→ Source information
[Start of section]
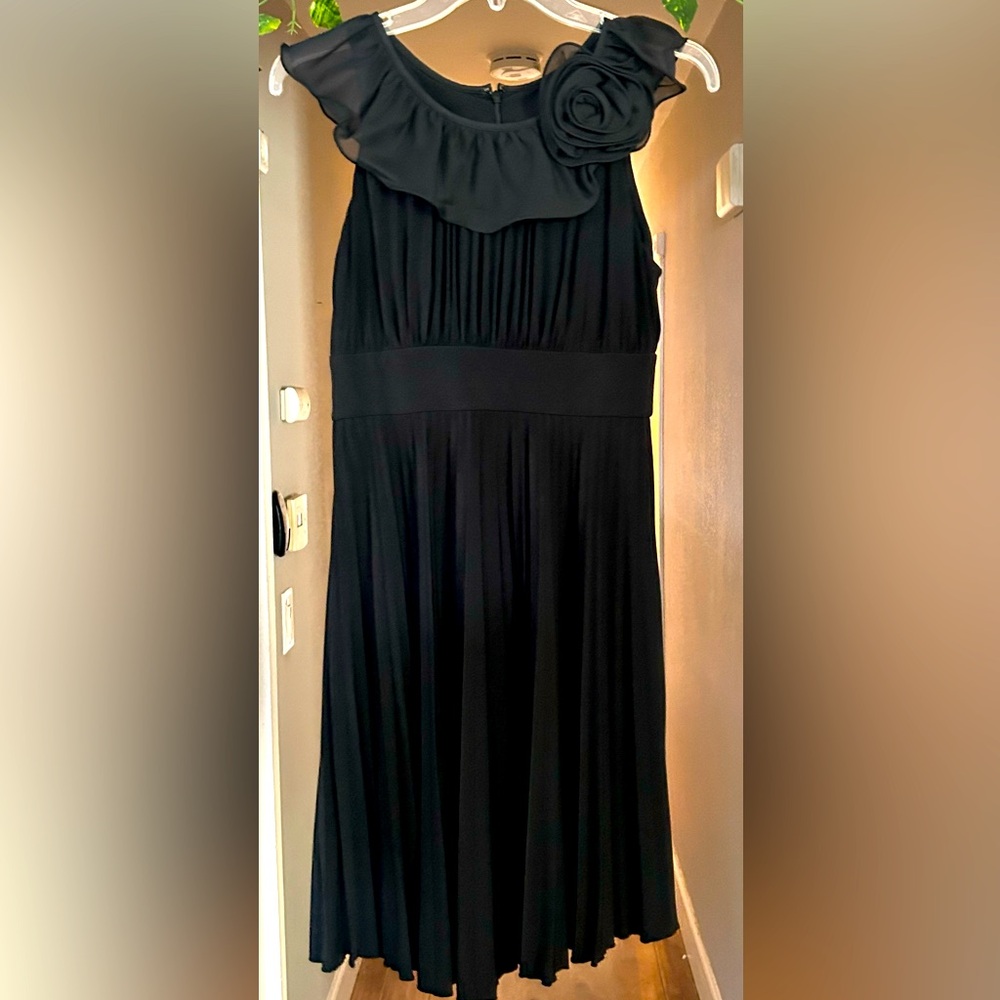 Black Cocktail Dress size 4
[End of section]
[Start of section]
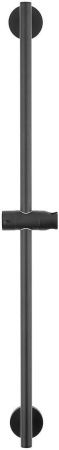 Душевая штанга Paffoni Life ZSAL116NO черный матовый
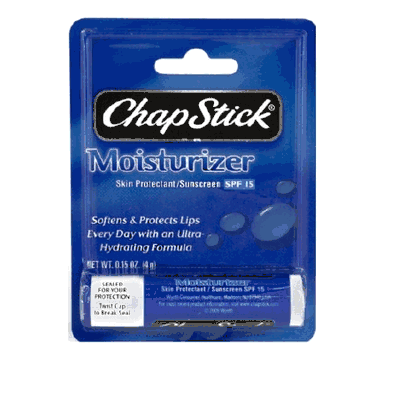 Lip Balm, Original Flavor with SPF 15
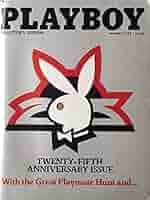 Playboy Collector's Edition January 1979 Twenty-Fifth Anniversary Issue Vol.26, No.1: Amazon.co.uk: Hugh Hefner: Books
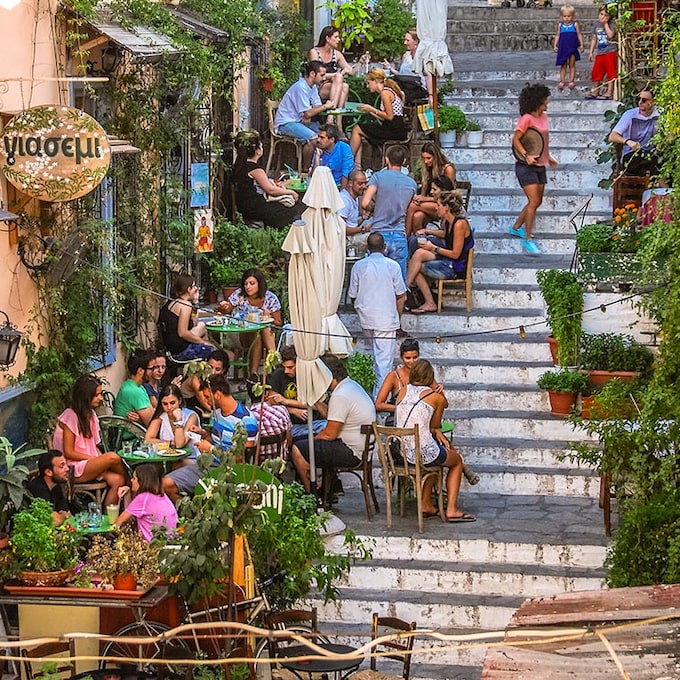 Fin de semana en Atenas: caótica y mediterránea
[End of section]
→ Task prompt
All lines above starting at the one with "Playboy Collector's Edition" and ending at the one with "Fin de semana", inclusive, are to be printed again exactly, with the pictures left out.

→ Output of the task
 Playboy Collector's Edition January 1979 Twenty-Fifth Anniversary Issue Vol.26, No.1: Amazon.co.uk: Hugh Hefner: Books
 Fin de semana en Atenas: caótica y mediterránea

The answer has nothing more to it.